◆ TRY IT:
Print the records below exactly, starting at the first line and stopping after the line that contains "d'Aloe vera [26]". Leave out any pictures.
(DATA FOR THE TASK begins)
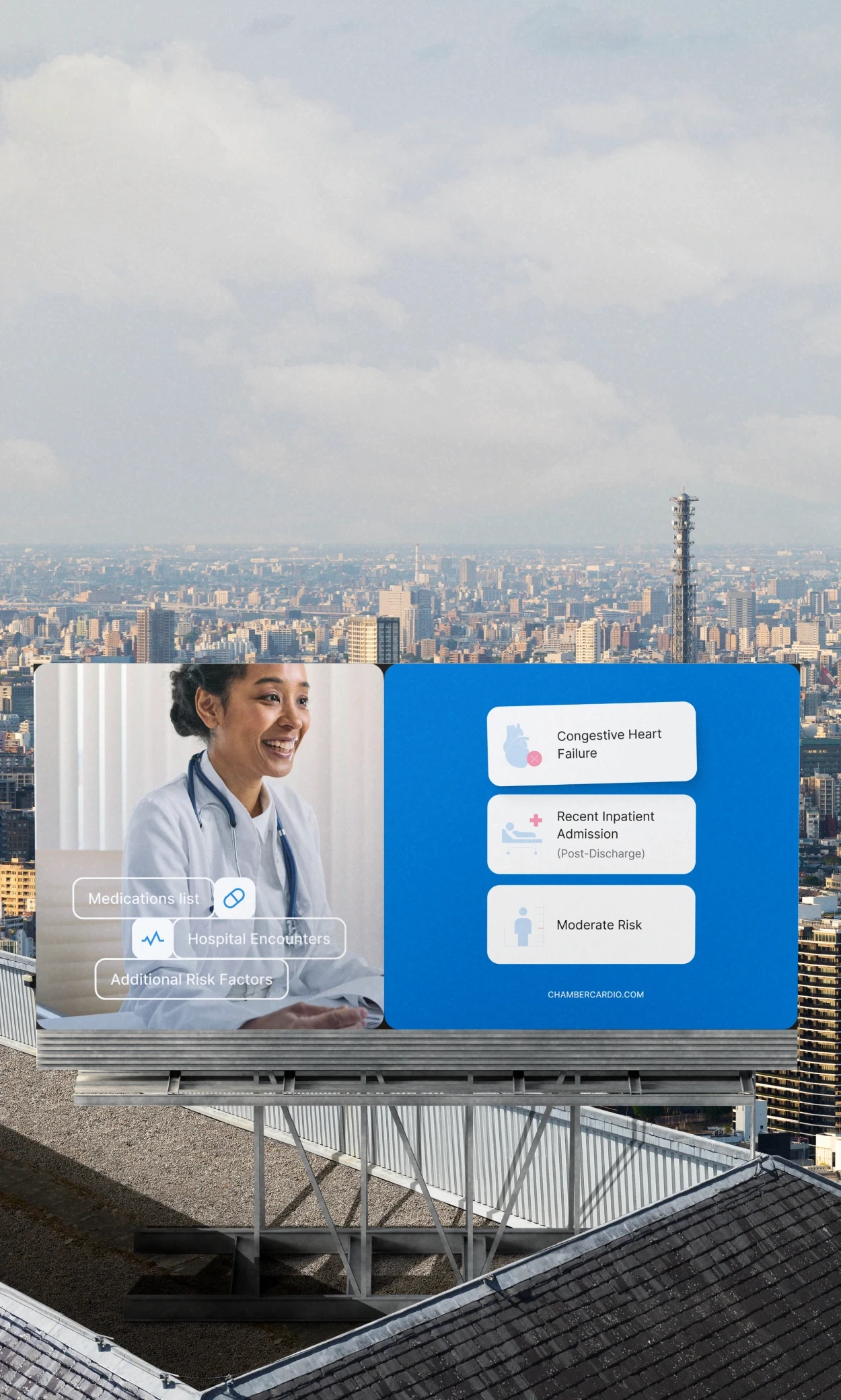 A large billboard featuring a medical professional, a smiling woman in a white lab coat with a stethoscope. The background shows a cityscape with tall buildings in the distance. The left side of the billboard includes medical icons and terms such as "Medications list," "Hospital Encounters," and "Additional Risk Factors." The right side of the billboard lists patient information: "Congestive Heart Failure," "Recent Inpatient Admission (Post-Discharge)," and "Moderate Risk." The bottom includes a website URL: ChamberCardio.com. The design combines healthcare elements with a modern, city setting, promoting cardiovascular health services.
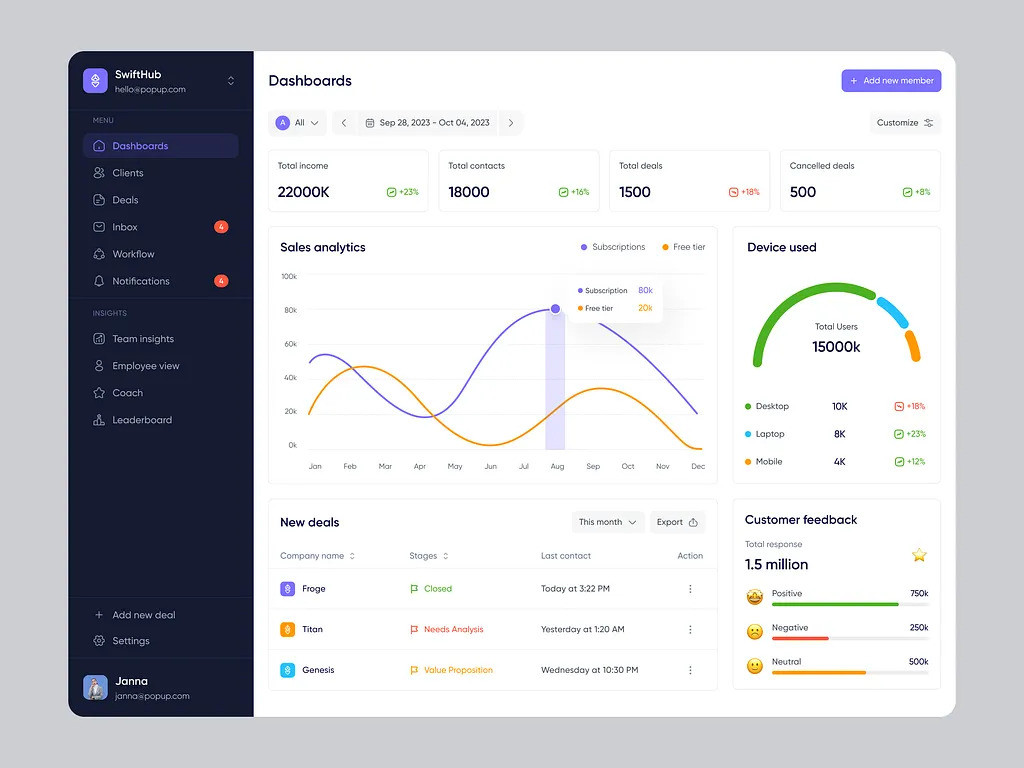 Netfunda CRM Screenshot 2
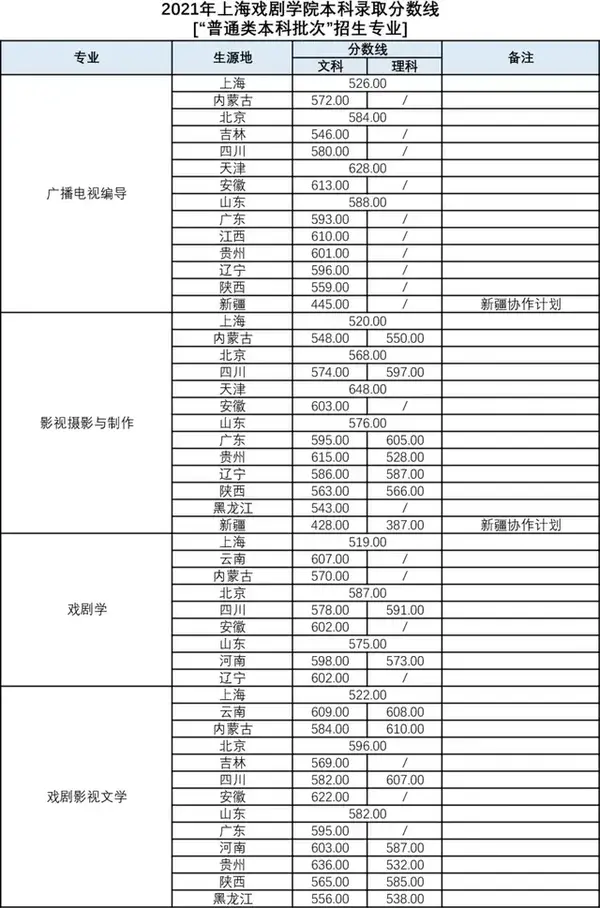 上海戏剧学院2021普通本科批次各专业录取分数线新生录取名单公布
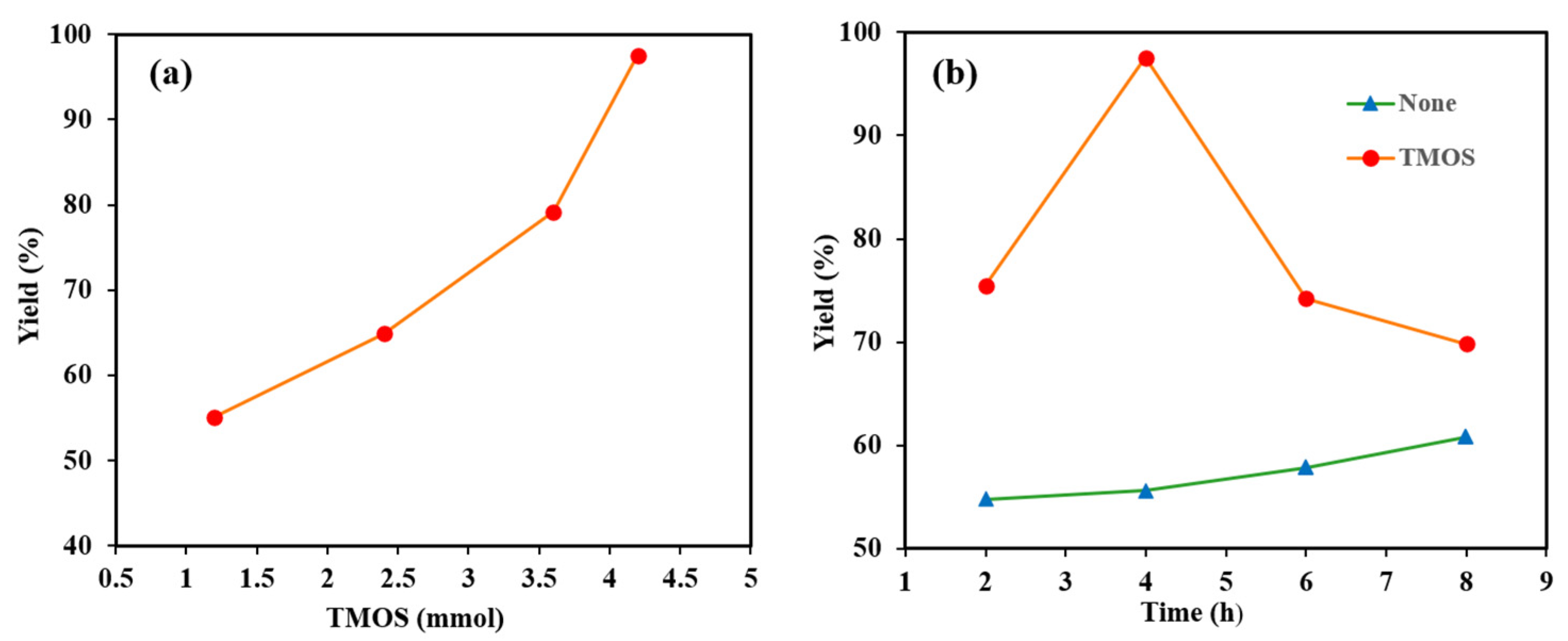 Catalysts 12 00826 g003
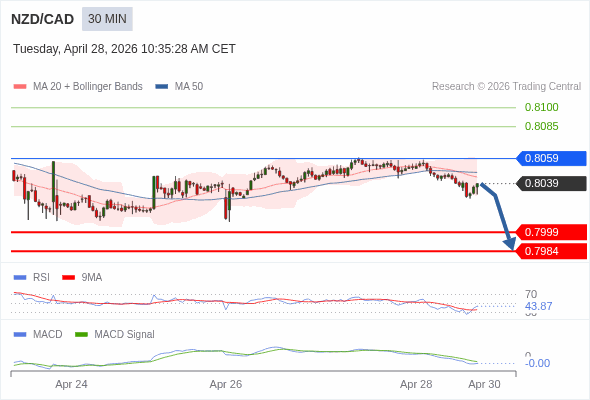 A configuração é negativa.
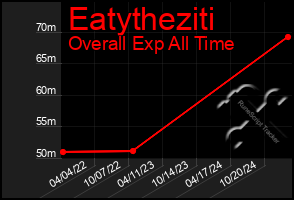 Total Graph of Eatytheziti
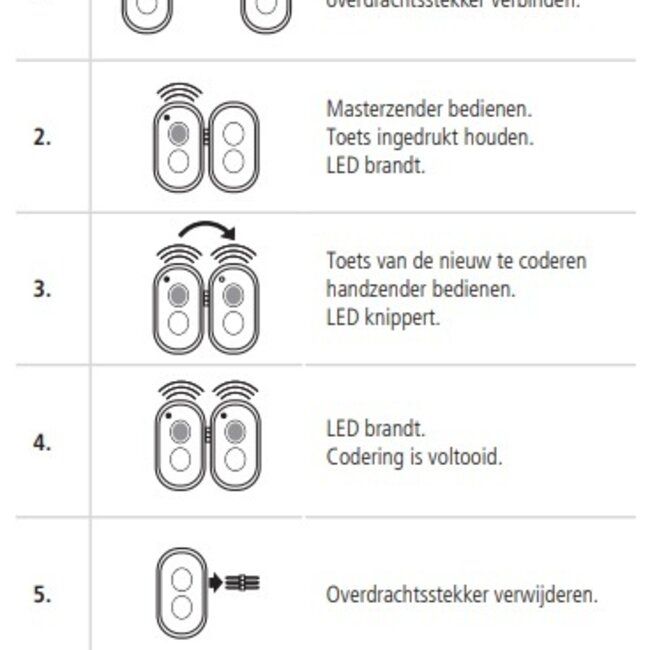 High-Line MA 2 kanaals handzender - 433 MHz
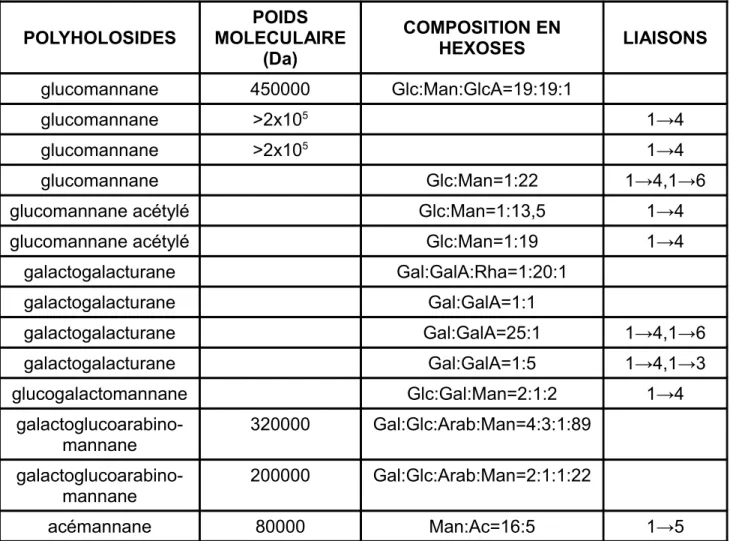 Tableau   2 : Récapitulatif des polyholosides du gel d'Aloe vera [26]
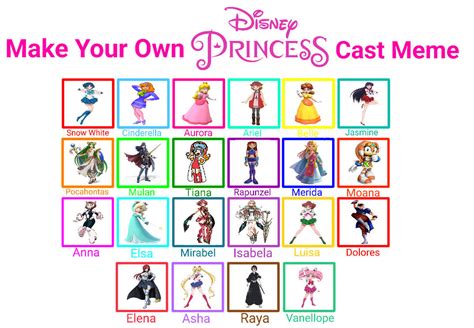 My Disney Princess Cast Meme 2023 By Tara012 On Deviantart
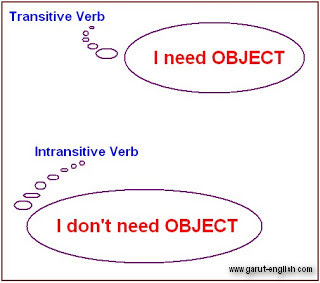 Pengertian dan Contoh Kalimat Transitive dan Intransitive 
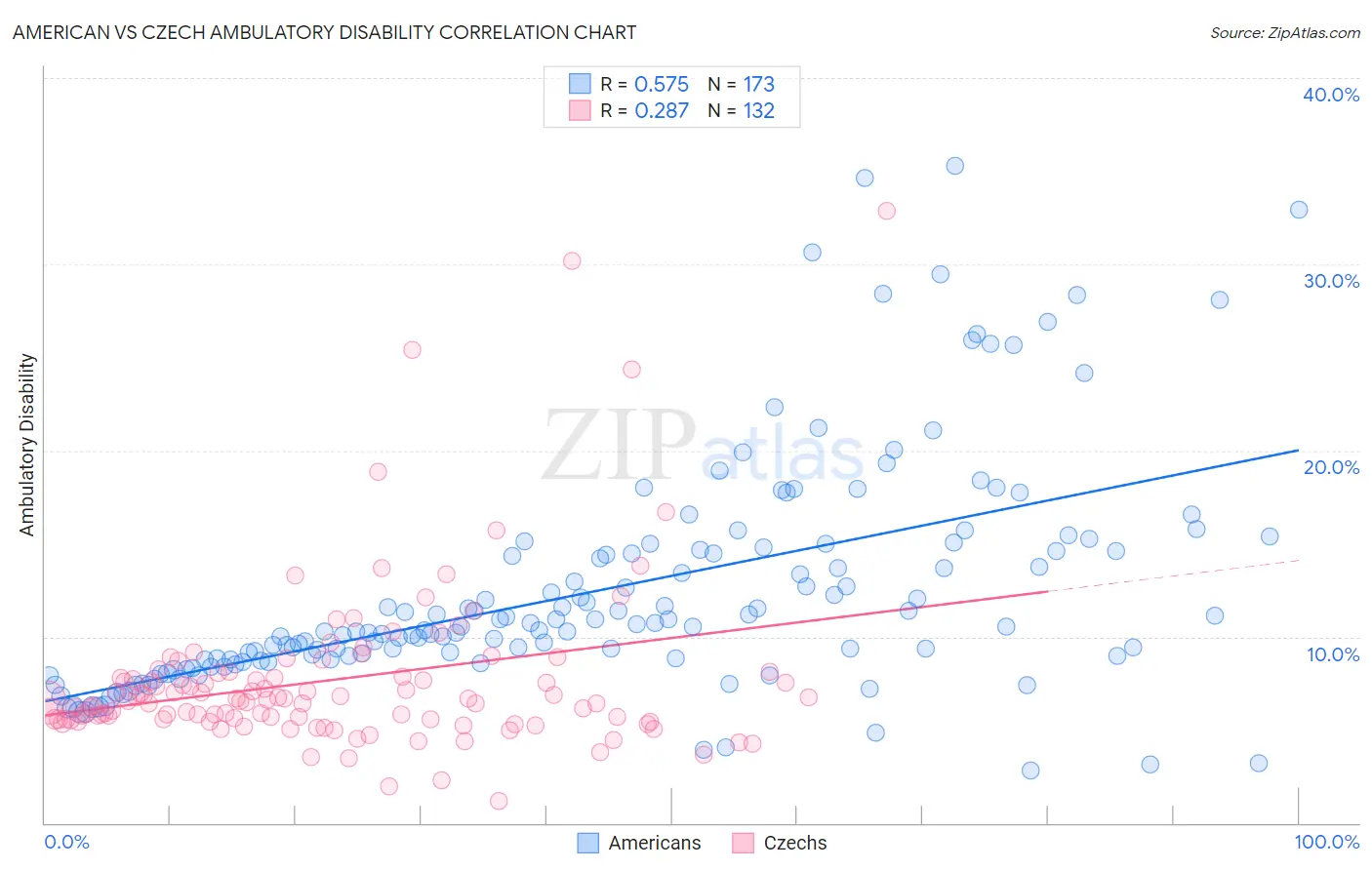 American vs Czech Ambulatory Disability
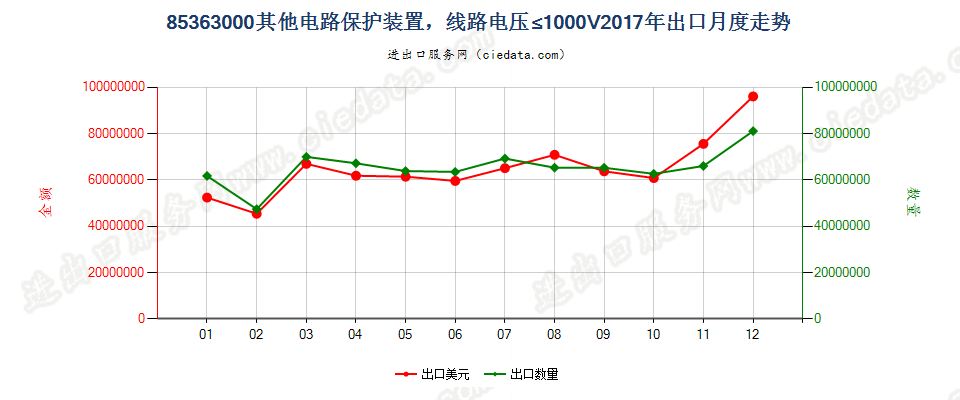 85363000其他电路保护装置，线路电压≤1000V出口2017年月度走势图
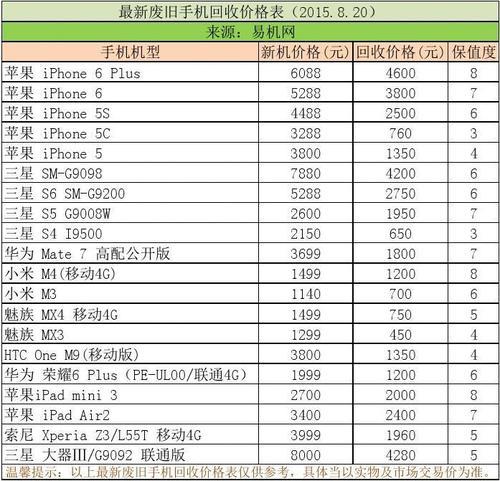 二手手机回收价格是多少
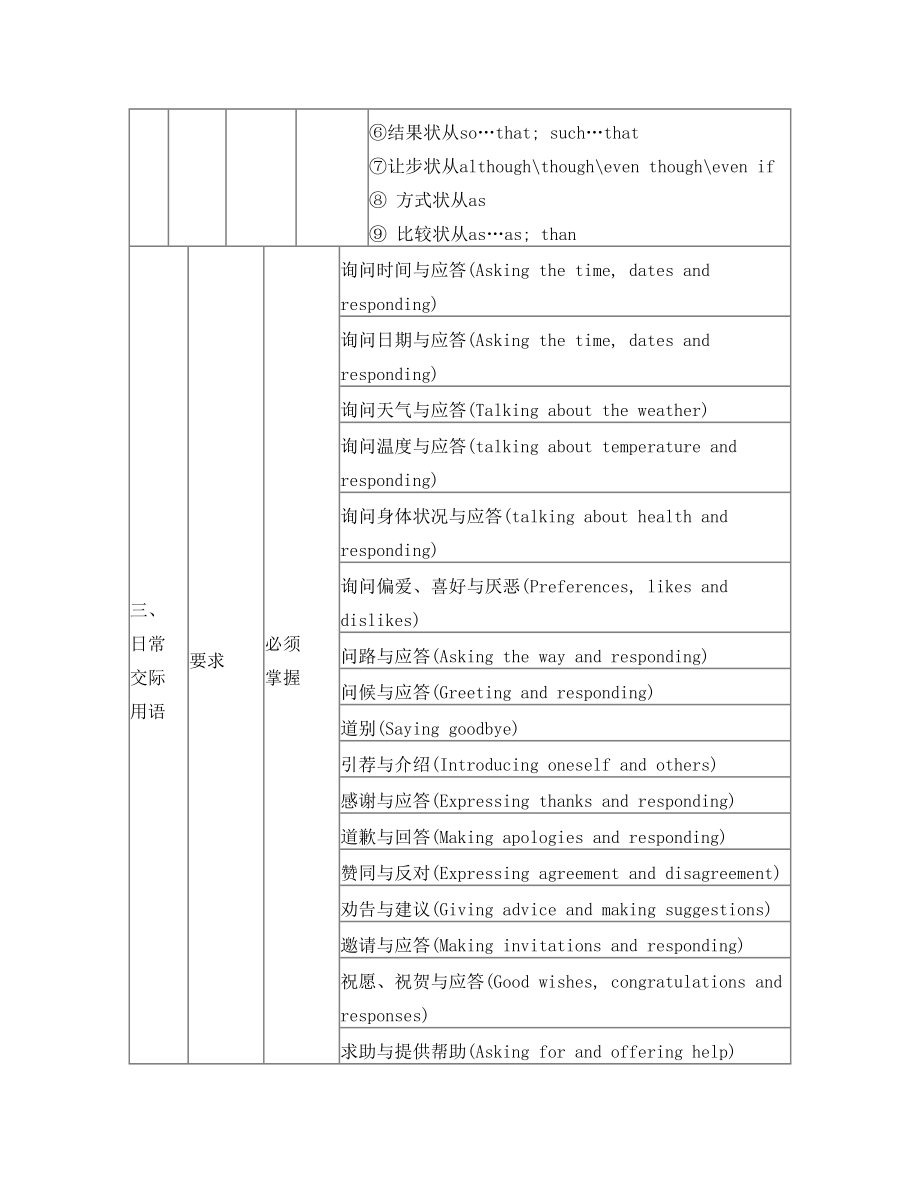 春考英语-知识体系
(DATA FOR THE TASK ends)
◆ RESPONSE:
 A large billboard featuring a medical professional, a smiling woman in a white lab coat with a stethoscope. The background shows a cityscape with tall buildings in the distance. The left side of the billboard includes medical icons and terms such as "Medications list," "Hospital Encounters," and "Additional Risk Factors." The right side of the billboard lists patient information: "Congestive Heart Failure," "Recent Inpatient Admission (Post-Discharge)," and "Moderate Risk." The bottom includes a website URL: ChamberCardio.com. The design combines healthcare elements with a modern, city setting, promoting cardiovascular health services.
 Netfunda CRM Screenshot 2
 上海戏剧学院2021普通本科批次各专业录取分数线新生录取名单公布
 Catalysts 12 00826 g003
 A configuração é negativa.
 Total Graph of Eatytheziti
 High-Line MA 2 kanaals handzender - 433 MHz
 Tableau   2 : Récapitulatif des polyholosides du gel d'Aloe vera [26]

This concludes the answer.